The root of the problem quickly became evident: nanoprobes within the body were spontaneously denaturing...all of them. Nanites not only functioned as an artificial immune system, but were also the bridge between mechanical and organic, forming the whole cybernetic being. Penetration of specific individual, often delicate, cells by molecular wires without the former dying in vast quantities was province of nanites. The miniature machines were the primary link between micro- and macroscopic, continually repairing implant interfaces as they underwent the normal process of breakdown in the harsh environment of a living body. Without nanites both suppressing the body's subdued immune system and maintaining proper implant interface, rejection was the consequence.
Injections of new nanoprobes had little effect; denaturing of otherwise healthy nanites fresh from the regeneration system or bulk vats of Assimilation did no good. Experimentation with subunit #522 showed a continual regeneration in alcoves retarded rejection, but implants continued to malfunction to the point of necessary removal. Doctor initiated a program by his hierarchy to systematically operate on all members of subunit #522.
Then, as things couldn't seem to get worse, the figurative fecal matter squarely hit the rapidly oscillating blades.
{Doctor? I need to speak to you. Now.}
{Yes, Captain?} Doctor was busily wielding laser scalpel and microfilament cutters, delicately removing part of an artificial limb assembly from 1789 of 12225, member of subunit #522. A question by one of Doctor's underdrones working at another bench led to dismissal as 72 of 152 admitted to faltering on the edge of needing regeneration. Doctor requested assistance from Assimilation to borrow a few additional bodies. {Captain?} There was no response.
Doctor shrugged and was about to continue with surgery on 1789 of 12225 when Cube #347 began to shake violently. The ship had abruptly dropped out of transwarp, straining inertial dampers; superstructure groaned alarmingly. The computer relayed a warning.

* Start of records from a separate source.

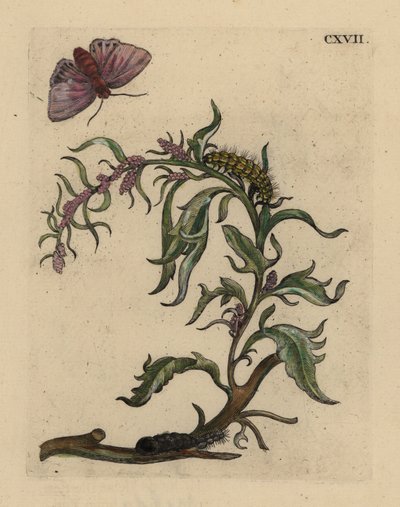 Bahçe orache, Atriplex hortensis, güve, tırtıl ve pupa ile by Unbekannt
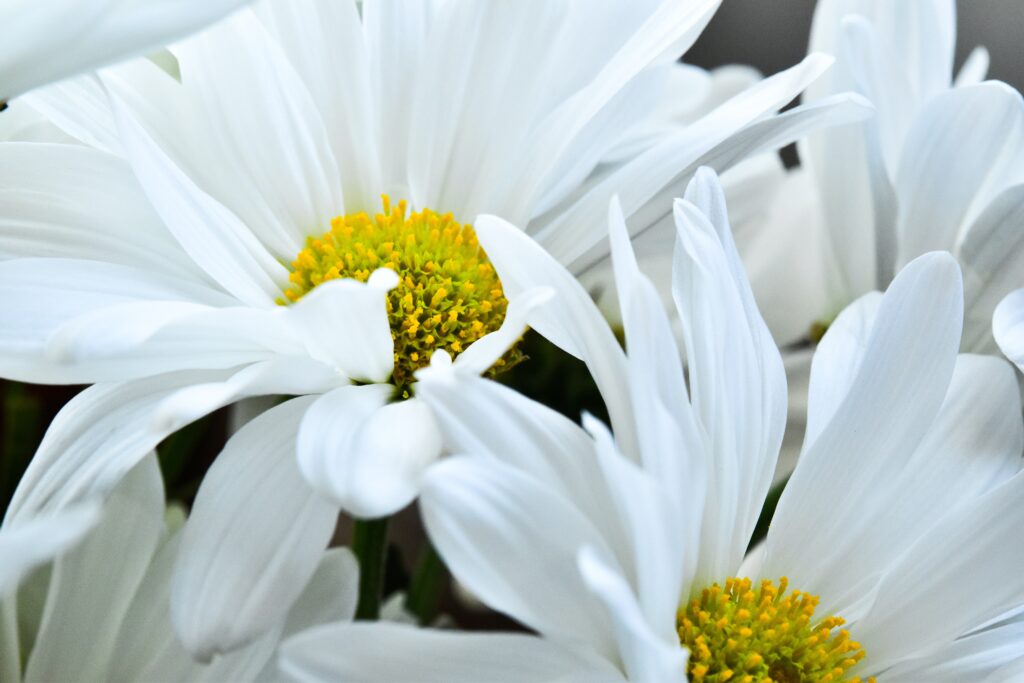 Cover image for webinar blog: Three large daisies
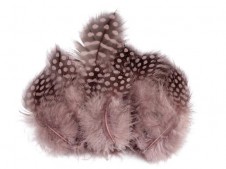 Slepičí peří (5ks) délka 8-13 cm růžová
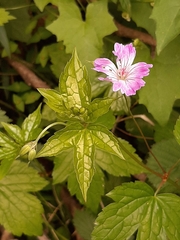 Geranium nodosum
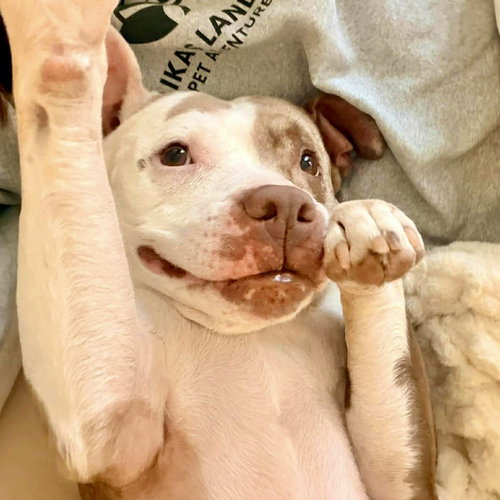 CRISANTA - American Staffordshire Terrier / Terrier available for adoption
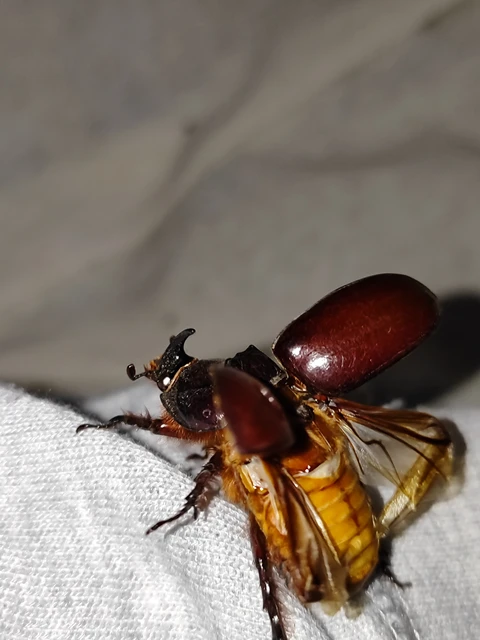 Oryctes nasicornis - orrszarvú bogár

{Emergency: loss of active directives to drive functions via primary node pathway of current assigned facilitator, designation 4 of 8. Automatic return to real velocities; automatic re-establishment of drive functions with secondary node pathway of alternate facilitator, designation 3 of 8.} Translation: the part of the computer interfacing directly with the engines had lost contact with the driver, i.e. Captain, and in response had stomped on the brakes long enough for Second to take the wheel.
Doctor immediately initiated a location trace on Captain, pinpointing the latter in the nodal intersection he normally frequented when not in his alcove. A bench opened up as a member of subunit #522 completed its surgery, allowing Doctor to beam Captain to the maintenance bay.
{What the hell happened?} queried Second. Like all drones except Doctor, he had been experiencing fatigue, and had been in the middle of an increasingly frequent regeneration cycle. Jolted from his nap, there were many other, less polite, phrases Second was rapidly recalling, especially as engineering (and the sub-collective in general) demanded to know the cause of the problem.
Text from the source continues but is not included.